Les mêmes artistes coopérèrent à cette statue : MM. Albert Lefeuvre et Lucien Leblanc. Elle était plus simple, mais aussi expressive : notre père s’y dressait seul sur le socle. La chute du voile fut émouvante, je vis des officiers pleurer. Des chasseurs d’Afrique, du 1er régiment, celui que notre père avait commandé comme colonel, formaient un des côtés du carré sur leurs petits chevaux blancs et gris. J’entends le « Garde à vous » trompetté dans l’air clair, avant les discours de notre parent et ami, M. Tirman, Gouverneur de l’Algérie. Je ressens, immobile derrière notre mère, un étouffement dans la nombreuse assistance d’honneur tassée sur ce petit espace, et l’appui que m’offraient, contre la poussée, les robustes épaules de ces vieux amis du passé, dans leurs nobles vêtements arabes, parfumés d’ambre et de tabac blond, Si Slimen ben Siam et son beau-fils Mohammed ben Siam. Au banquet qui suivit, Jean Aicard récita des vers.

Il me sembla que, malgré cet incurable sentiment de timidité et de gaucherie qui me dépaysait, aussitôt sorti de ma vie intérieure, je participai mieux à cette cérémonie qu’à celle de Fresnes. En effet, ce pays, où mon Père avait laissé un nom légendaire, était celui de mon enfance ; les visages, les arbres et jusqu’à la couleur de la mer et du ciel, tout m’y était familier.

Ne retrouvions-nous pas aussi, du côté de mon père, des cousins dévoués à son souvenir, les Bratschi, du côté de ma mère, Victor Mallarmé et sa famille ? Il était un des premiers avocats d’Alger, et un lettré des plus fins. Que de souvenirs ressuscités pour moi, dans ce décor merveilleux ! Je ne pus revoir sans émotion le champ de manœuvres et sa terre rouge, la plage de Mustapha, la Pointe-Pescade où le flot bat les roches semblables à d’énormes éponges pétrifiées, le jardin d’Essai avec ses allées de bambous et de dattiers enlacés de roses, avec le cri aigre des paons, et le petit café maure toujours somnolent sous un vieil arbre.

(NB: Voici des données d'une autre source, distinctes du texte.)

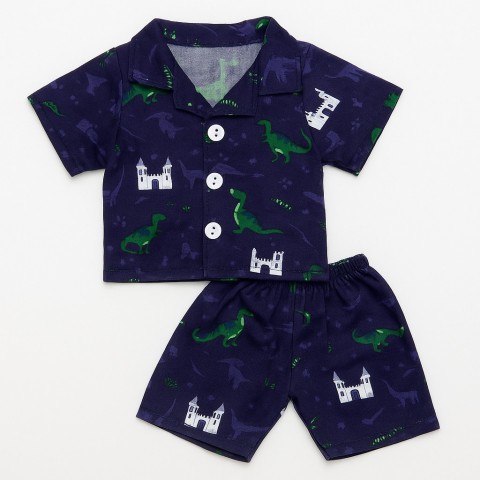 Pyjama “Crazy for Castles” bleu pour peluche 40 cm – Réf. 2975 – Teddy Mountain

Je retrouvais à la poussière le même goût d’épices et d’aromates ; aujourd’hui comme alors, on voyait aux portes d’Alger des arabes accroupis devant des petits tas d’oranges et, dans les rues marchandes, l’odeur de l’absinthe se mêlait à celle des cuirs et des tapis.

Je visitai la Kasbah, ses ruelles à moucharabiés, ses culs-de-sac, ses recoins voûtés, ses escaliers en dédale, pour un article destiné au Supplément littéraire du Figaro.

Chose singulière, je ne pouvais dire, de cette Algérie tant aimée, comme le Perdican de Musset : « J’avais laissé ici des océans et des forêts, je retrouve un brin d’herbe et une goutte d’eau. » Rien n’avait changé de ma vision d’enfant : elle demeurait adéquate au réel.

Littérairement, cet admirable pays me fut une révélation ; deux de mes romans allaient y emprunter leur cadre : Pascal Géfosse auquel je pensais déjà ; ensuite Amants ; et encore un livre descriptif écrit plus tard : Alger l’hiver, qu’édita avec de curieuses photographies Gervais Courtellemont.

Rentrer en France, dans ma morne existence, après ce flamboiement de lumière, me déchira. Nul paradis n’était plus selon mon cœur que ce sol aphrodisiaque où l’âme et les sens s’exaltent à la splendeur de vivre dans un perpétuel printemps ou un torride été.

Mais le joug que je m’étais imposé me tirait, par-delà la mer, vers ma geôle. Il fallut quitter le royaume d’Éden et retourner à mon double labeur de scribe et d’écrivain.